BRIEF → The response must be the exact lines from the line holding "Show success: Wes" through the end of the entries, with no pictures and nothing else.

EXERCISE DATA →
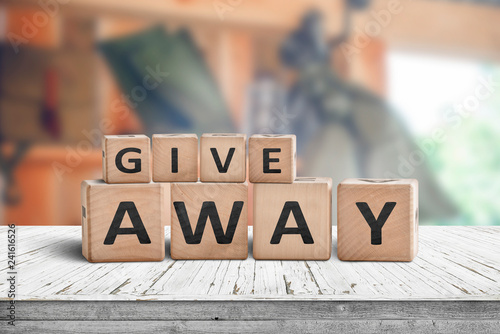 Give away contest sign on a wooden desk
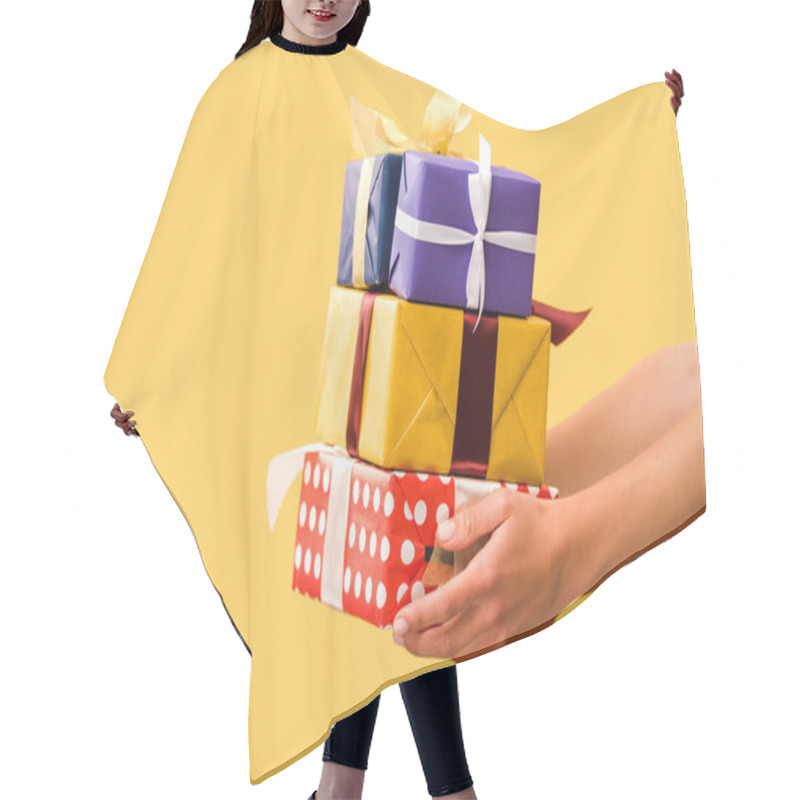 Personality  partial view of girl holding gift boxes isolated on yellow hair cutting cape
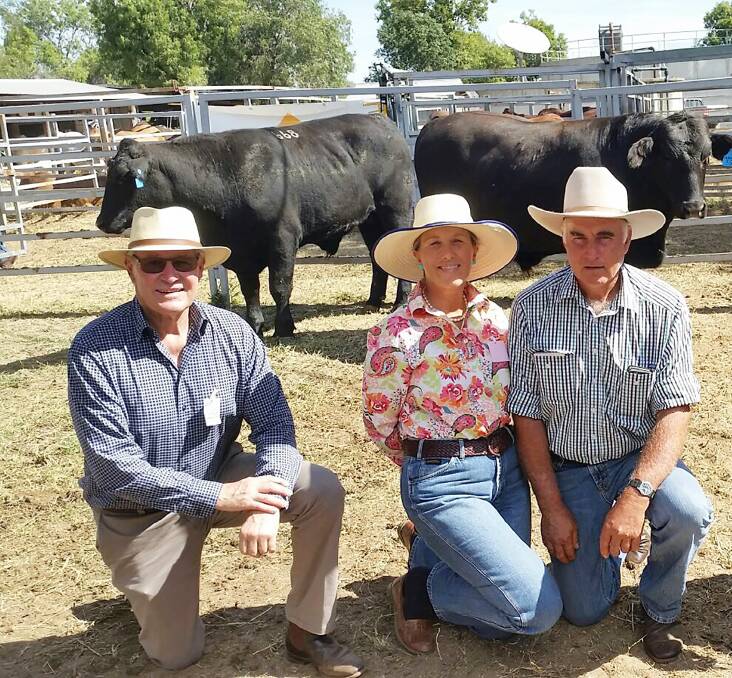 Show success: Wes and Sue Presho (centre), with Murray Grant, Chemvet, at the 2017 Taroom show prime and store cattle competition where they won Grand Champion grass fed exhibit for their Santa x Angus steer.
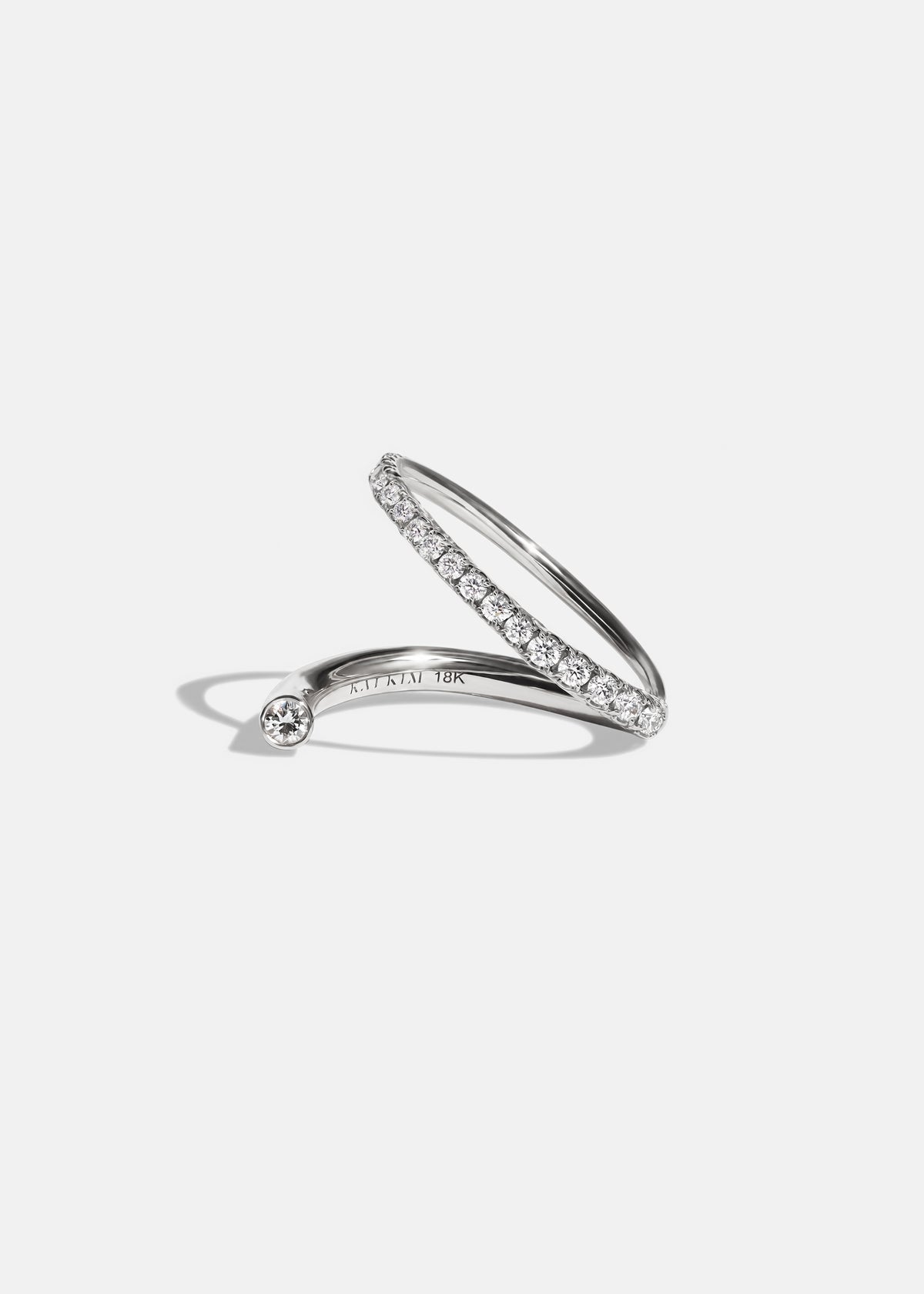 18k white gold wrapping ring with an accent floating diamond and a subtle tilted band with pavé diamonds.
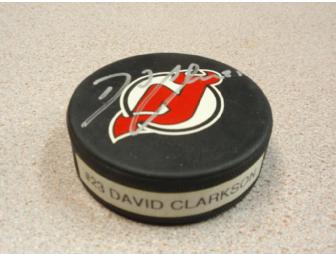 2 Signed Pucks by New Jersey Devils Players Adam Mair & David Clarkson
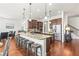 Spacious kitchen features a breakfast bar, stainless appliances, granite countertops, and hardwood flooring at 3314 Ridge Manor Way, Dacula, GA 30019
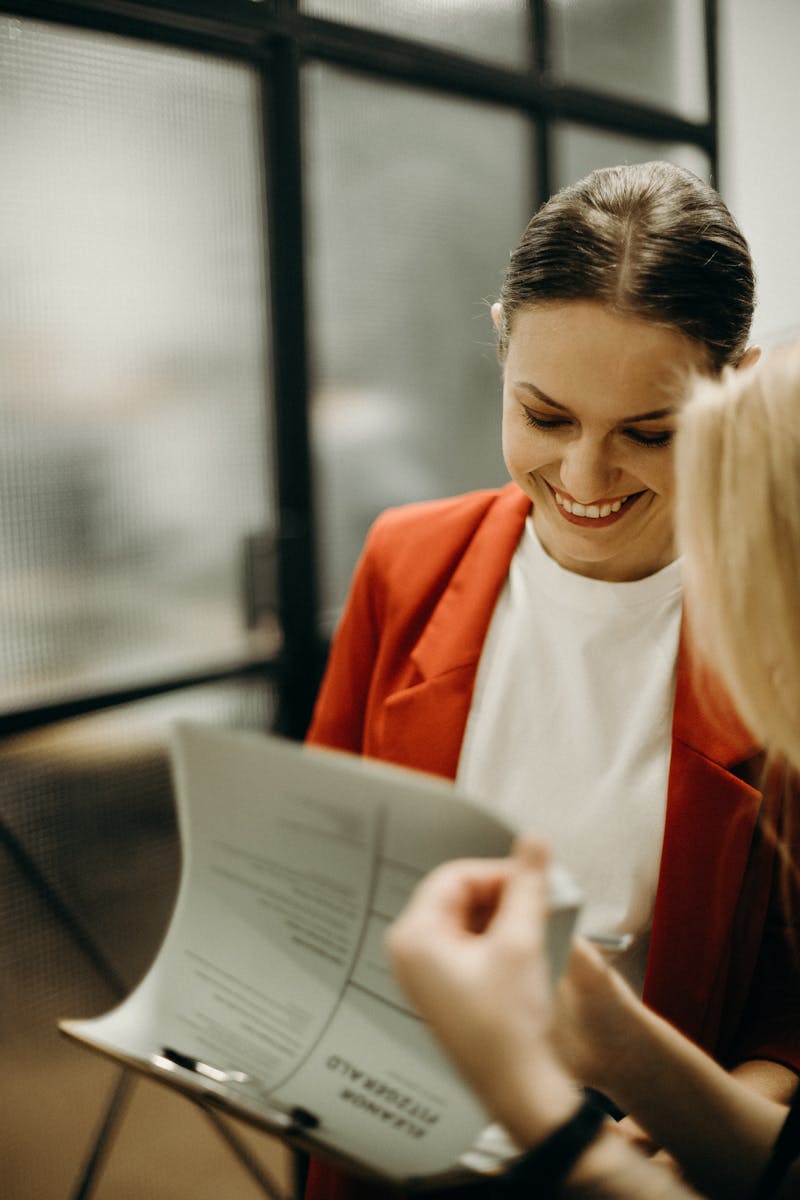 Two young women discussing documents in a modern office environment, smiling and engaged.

RESPONSE →
 Show success: Wes and Sue Presho (centre), with Murray Grant, Chemvet, at the 2017 Taroom show prime and store cattle competition where they won Grand Champion grass fed exhibit for their Santa x Angus steer.
 18k white gold wrapping ring with an accent floating diamond and a subtle tilted band with pavé diamonds.
 2 Signed Pucks by New Jersey Devils Players Adam Mair & David Clarkson
 Spacious kitchen features a breakfast bar, stainless appliances, granite countertops, and hardwood flooring at 3314 Ridge Manor Way, Dacula, GA 30019
 Two young women discussing documents in a modern office environment, smiling and engaged.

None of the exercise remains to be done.